Gibbons walked over to one of the vats where six of these young guys, three on each side, were washing chickens. One of them had a nasty black-and-blue mark on the side of his face. Globs of chicken
fat floated on the briny pink water, and it smelled worse than it looked. How could you ever eat chicken again after smelling this?

“Hey, fellas, where can I find the boss?”

They kept scrubbing those damn chickens, eyes down.

“The boss,” he repeated, raising his voice over the noise. “Where's the boss?”

It was as if he wasn't there.

“Anybody speak English? Do you understand me? English?”

He stared into each face one by one, trying to make some eye contact. Nothing.

He didn't like this at all. Even if they'd been warned not to talk to strangers, these poor schlumps wouldn't even look at him, didn't acknowledge his presence in any way. Other than retards and robots, only people with something serious to fear behave this way. It made Gibbons nervous.

“Okay, this is your last chance, boys.” He pulled out his ID and waved it at them, hoping something that looked official might goose them a little. “Special Agent Gibbons of the Federal Bureau of Investigation. Like the police but better. Savvy? So if any of you knows English, speak now or forever hold your peace.”

The one with the bruised face looked up, then looked away quickly when Gibbons made eye contact. “You got something to tell me?”

No response.

Gibbons put his ID back into his pocket. “Thanks a lot,” he muttered as he turned away and walked toward the iron grid-work stairs that led to the second floor. The offices must be up there, he figured.

Gibbons started to mount the steps when he noticed a couple of guys at another vat staring at something on the other side of the room. He turned around and saw another Oriental guy standing in the doorway by the front entrance, just standing there staring at him. The guy was as wide as he was tall. He looked like a beetle standing up on its hind legs, wearing a loud black-and-white houndstooth sports jacket.

“You in charge here?” Gibbons called over to him.

The beetle nodded and started walking toward him, no expression on his face.

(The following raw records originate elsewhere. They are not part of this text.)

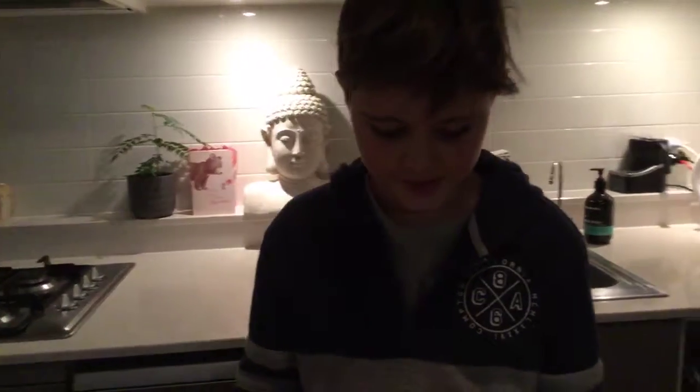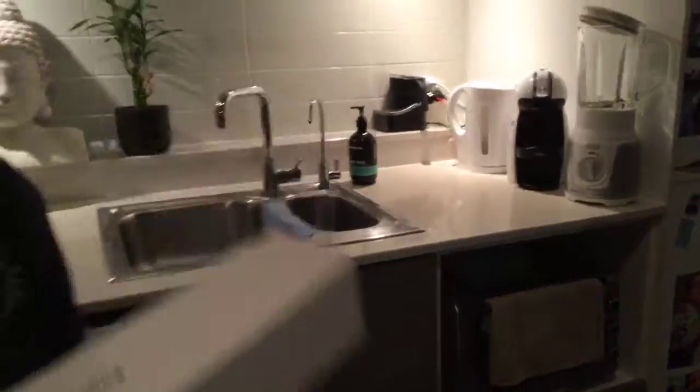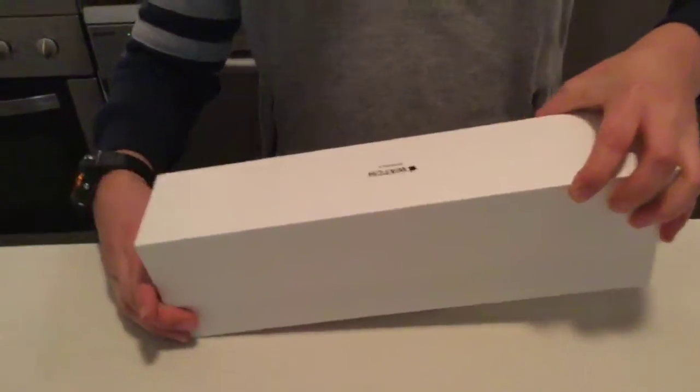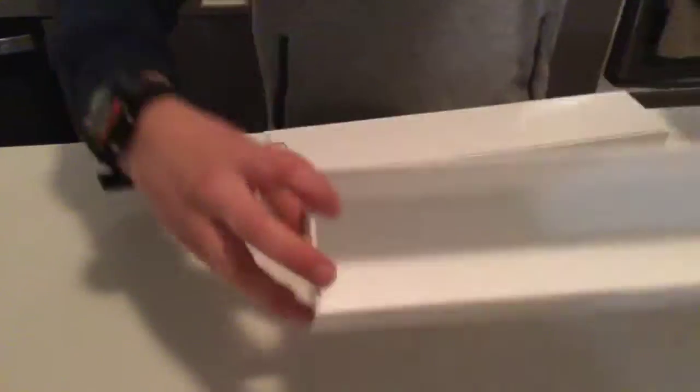Hello and welcome! In this video, I'm going to be showing you my new Apple Watch Series 3. I'm going to open it — I spent five hundred dollars on it, it's so cool.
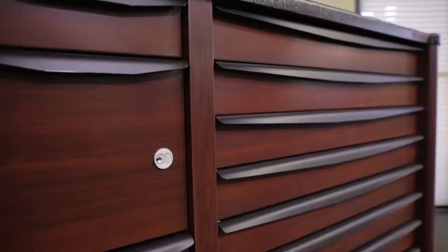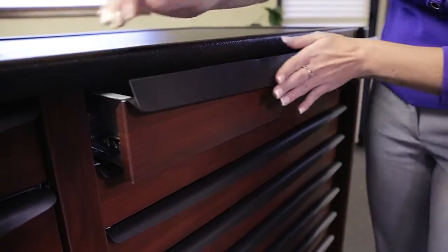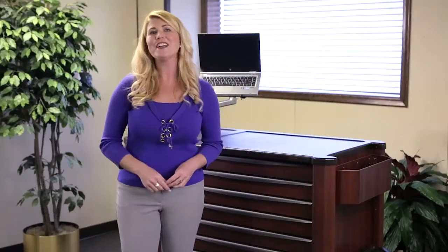Drawer handle covers now come standard with every cart and can be replaced as necessary. These covers will protect against and cover any existing nicks and scratches on drawer handles. They simply cling to the handle and can be removed and replaced at any time. Rx Care Assurance carts require little maintenance and deliver high quality performance unmatched in the industry.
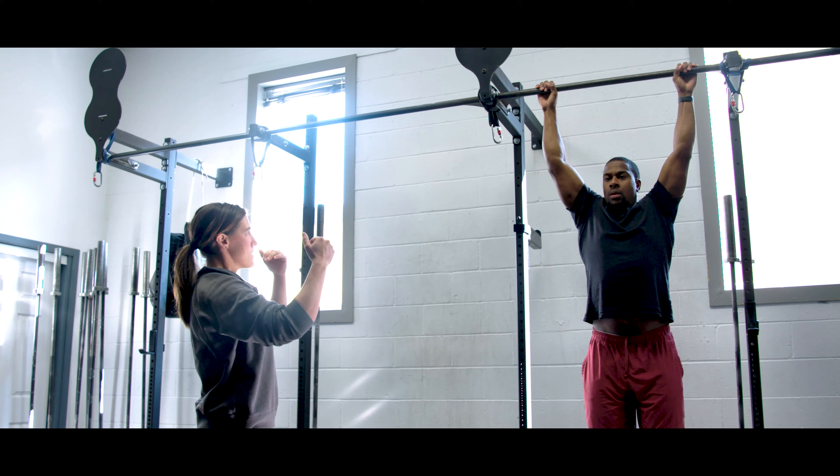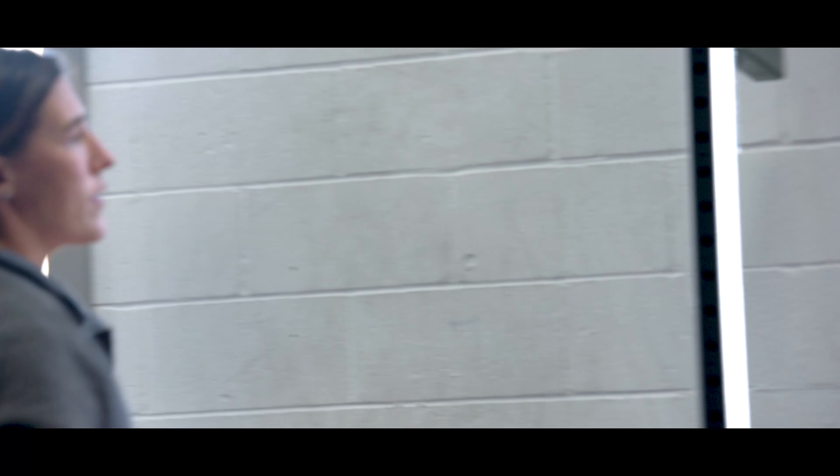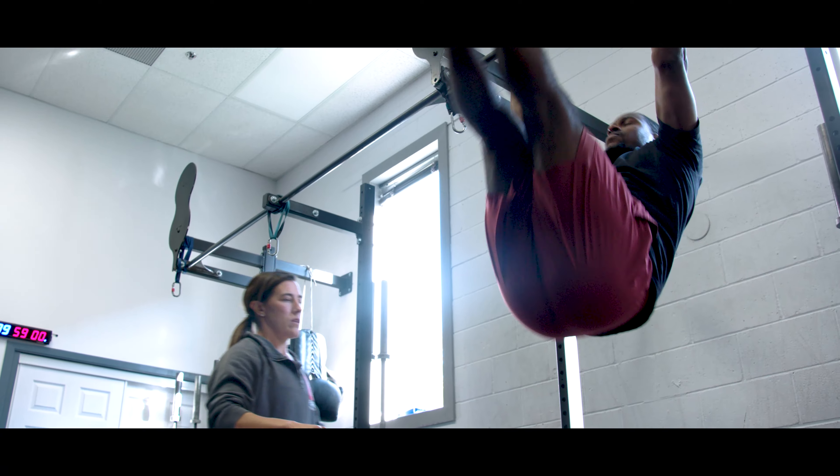Exposing them primarily to our coaching staff so that they can understand our coaching cues and how we might cue them in the middle of the workout in the heat of the moment. That's the basics of our Foundations program.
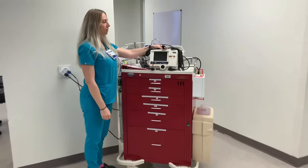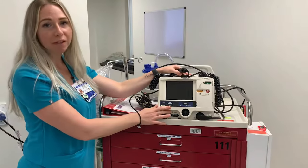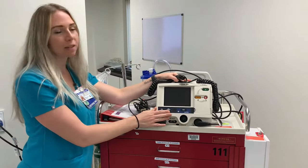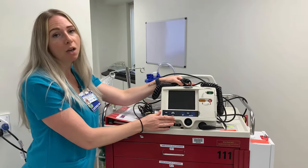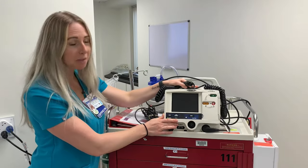The first and probably most important piece of equipment that we have here is the defibrillator. We're currently using the LifePak 20s, so you want to make sure that this LifePak is plugged in at all times. Whenever you grab the code cart to run to a patient's room, make sure you remember to unplug it.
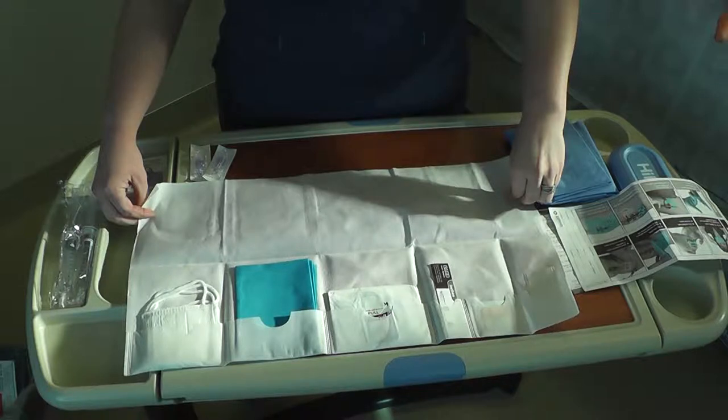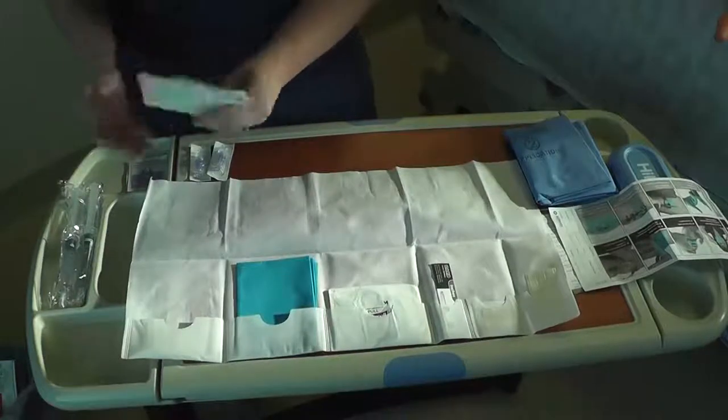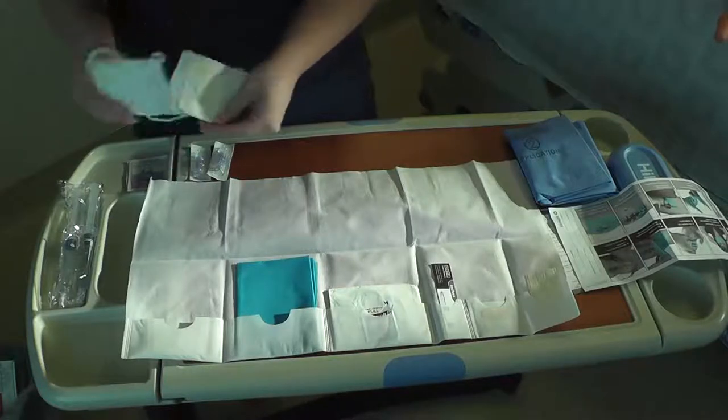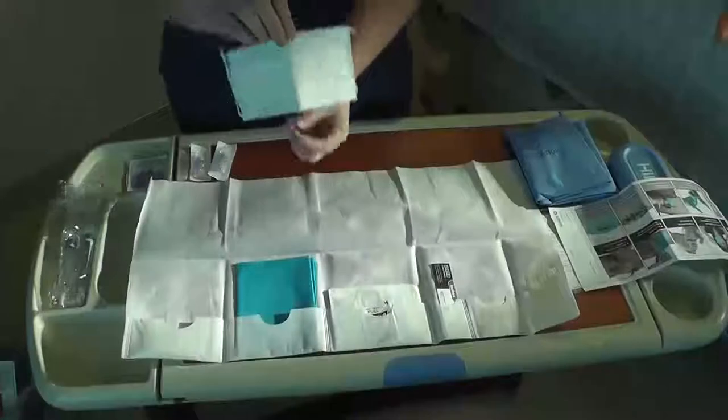All supplies are to be used for the correct procedure. Avoiding use of any supply is a choice to perform the procedure incorrectly. Two masks are available — one for yourself and one for the patient.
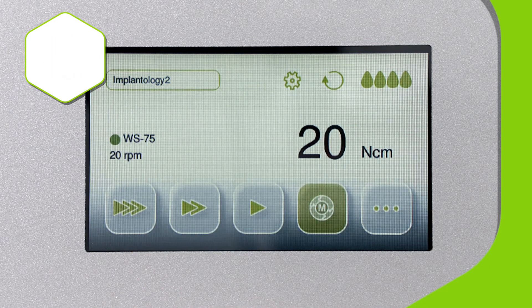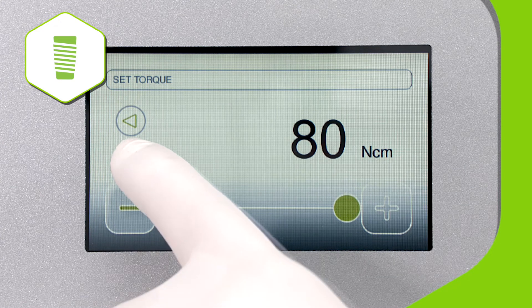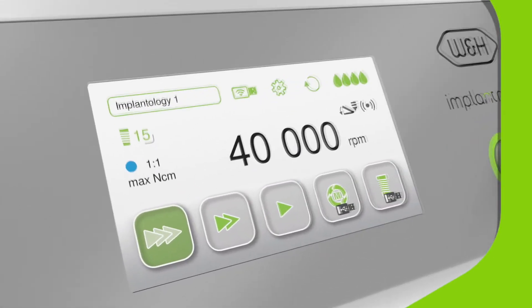And of course, the ImplantMed Plus supports controlled implant insertion of all kinds with torque of up to 18 Newton centimeters. So there you have it — a fully multifunctional system.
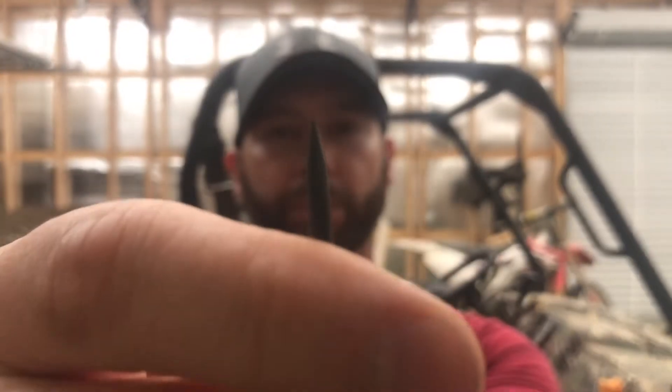Hey everybody, welcome to Get Weld Soon. Listen, you can sharpen your tungsten with a torch, believe it or not. I've already sharpened this one — I don't know if you can tell how sharp it is, but it's pretty sharp.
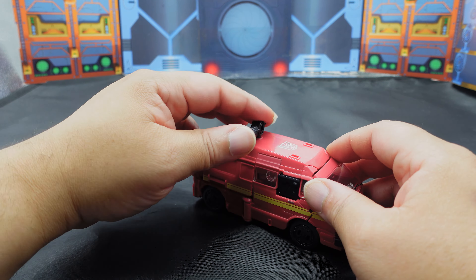Both of them are just stellar. I prefer the red on Earthrise Ironhide — the Siege one has more of a Pepto-Bismol pinkish color. I still think Earthrise is much better. Even the tires on here are a little better. Other than that, I'm gonna do some quick comparisons and then we'll get into the transformation.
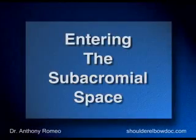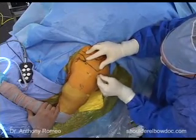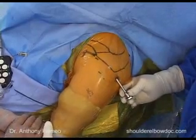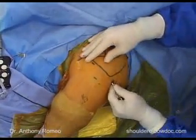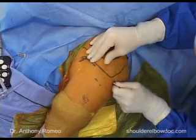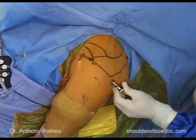We've finished with the glenohumeral joint and now we're going into the subacromial space. We'll go to the back part of the acromion, feel for that edge, and go slightly underneath it. To assist with sliding across without going through the rotator cuff, we'll put a little traction on the arm. We'll stay right on the edge of the acromion, and as we move forward we can feel it pop into place, giving us free mobility in the subacromial bursa.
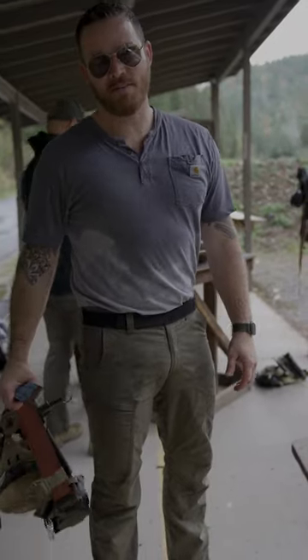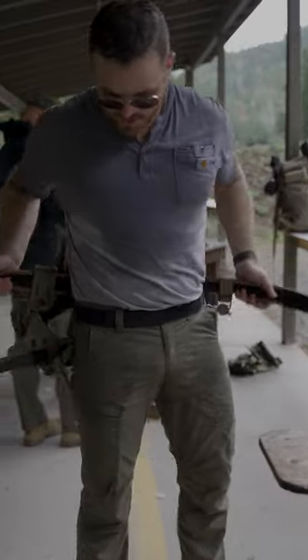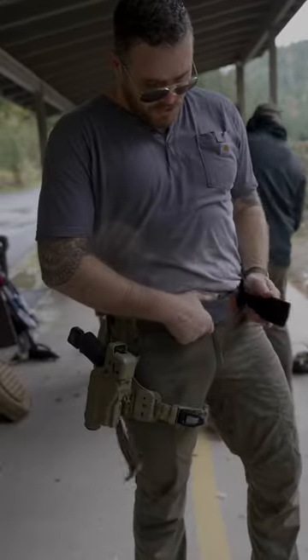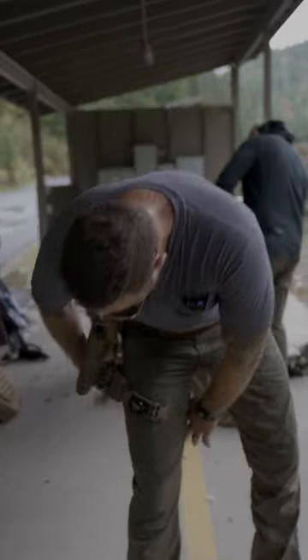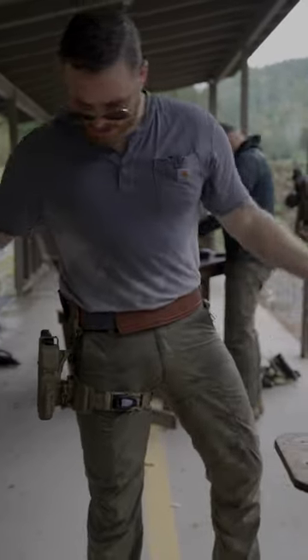Out here testing the tack strap and dynamic drop leg — got rained on. We just want to show you how easy it is to put on, just like your normal duty belt. Throw it on, secure your thigh strap like normal, then tack straps on.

“I want to ask you a few questions,” Gibbons said. He came down off the steps to meet the nodding beetle. “Listen, I—”

Suddenly the beetle took a giant leap and was airborne, one foot extended, aimed directly at Gibbons's face. Gibbons tried to get out of the way, but there was no time. The foot caught him in the shoulder. He fell flat on his back, hit hard, and slid a few feet on the wet sawdust that littered the tile floor. The fall knocked the wind out of him, but he managed to reach into his jacket and pull his gun. He held it on the big beetle who was standing over him, staring down at Excalibur with contempt.